Zarzuty dla 12-osobowej grupy, wśród której jest m.in. dwoje lekarze psychiatrów z Ostrołęki i Otwocka, właściciele i kierownicy aptek oraz przedstawiciel dużej firmy farmaceutycznej to efekt prowadzonego od blisko trzech lat śledztwa, nad którym nadzór sprawowała Prokuratura Okręgowa w Ostrołęce. Czynności wyjaśniające prowadzili policjanci z Wydział dw. z Korupcją KWP zs. w Radomiu. Śledztwo dotyczyło poświadczenia nieprawdy celem osiągnięcia korzyści majątkowej przez uprawnionych lekarzy w związku z wypisywaniem fałszywych recept doprowadzając tym samym Mazowiecki Oddział Wojewódzki Narodowego Funduszu Zdrowia do niekorzystnego rozporządzenia mieniem.
Jak ustalili śledczy, przedstawiciel medyczny jednej z firm kontaktował się z lekarzami oraz farmaceutami, z którymi ustalał, czy wystawiają recepty na promowane przez niego leki.
Przestępstwo, którego się dopuścił polegało na tym, że mężczyzna współpracował z lekarzami w celu promocji leków dystrybuowanych przez firmę, której był przedstawicielem. Podejrzany związany był planem sprzedażowym ustalonym przez swojego pracodawcę. W przypadku realizacji planu sprzedażowego powyżej 90 procent był on premiowany, a wysokość premii zależała od wypracowanego progu sprzedażowego.
- informuje rzecznik prasowy KWP w Radomiu.
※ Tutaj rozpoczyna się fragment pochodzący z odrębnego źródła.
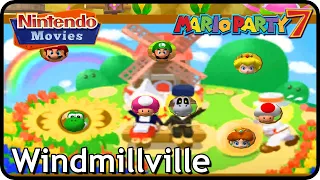 Mario Party 7 - Windmillville (5 Players, 20 Turns)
Współpracując z lekarzami, w celu zatajenia faktycznych korelacji w zakresie przekazywania korzyści majątkowych, przedstawiciel firmy farmaceutycznej przekazywał lekarzom i farmaceutom tzw. programy edukacyjne w postaci książeczek do wypełnienia. Za ich wypełnienie lekarze otrzymywali pieniądze w przedziale od kilku do kilkunastu tysięcy złotych. W cały proceder zamieszani byli również właściciele lub kierownicy współpracujących aptek, którzy za zwiększony obrót promowanymi lekami wypracowywali zysk dla danej apteki, uzyskując przy tym jednocześnie refundację do tych leków z Narodowego Funduszu Zdrowia.
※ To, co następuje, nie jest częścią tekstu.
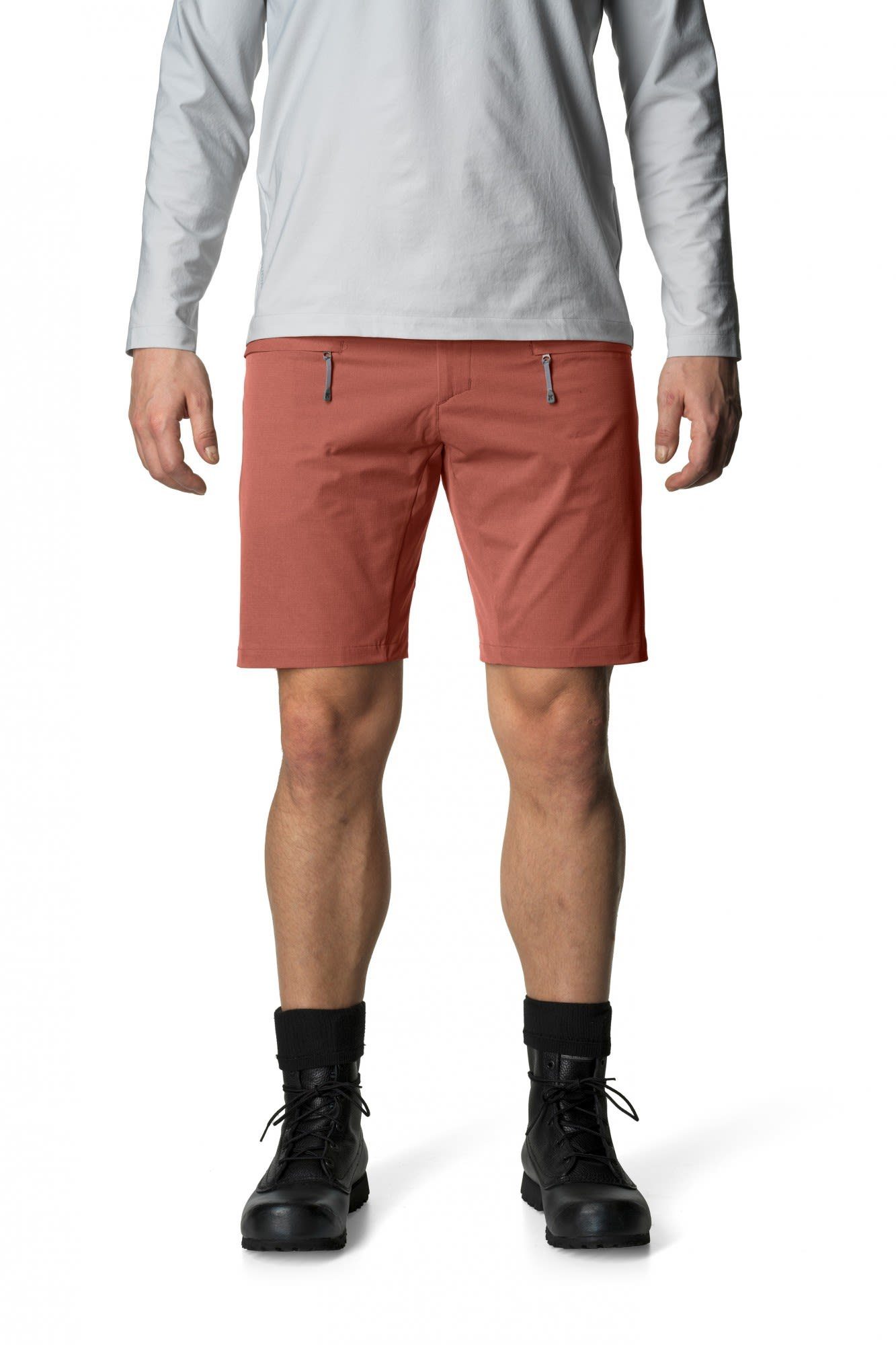 Houdini Strandshorts Houdini M Daybreak Shorts Herren Shorts Desert Rock Red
Na podstawie zebranego materiału dowodowego przedstawiono zarzuty łącznie 12 podejrzanym, w tym głównemu podejrzanemu, przedstawicielowi farmaceutycznemu. Łącznie podejrzanym przedstawiono 911 zarzutów, w tym m.in. wręczania korzyści majątkowych, pomocnictwo we wręczeniu łapówki, poświadczania nieprawdy przy wystawianiu dokumentów w celu osiągnięcia korzyści majątkowych oraz doprowadzenia do niekorzystnego rozporządzania mieniem przez NFZ (wyłudzone środki publiczne). Podejrzani mogli narazić Narodowy Fundusz Zdrowia na straty w wysokości ponad 380 tys. zł.
W toku podjętych działań zabezpieczono od podejrzanych mienie o wartości 463 000 zł. Wobec podejrzanych stosowano środki zapobiegawcze w postaci zakazu wykonywania zawodu, dozorów policyjnych, zakazów opuszczenia kraju, zakazu kontaktowania się ze współpodejrzanymi oraz poręczenia majątkowe. Podejrzanym może grozić do 10 lat więzienia.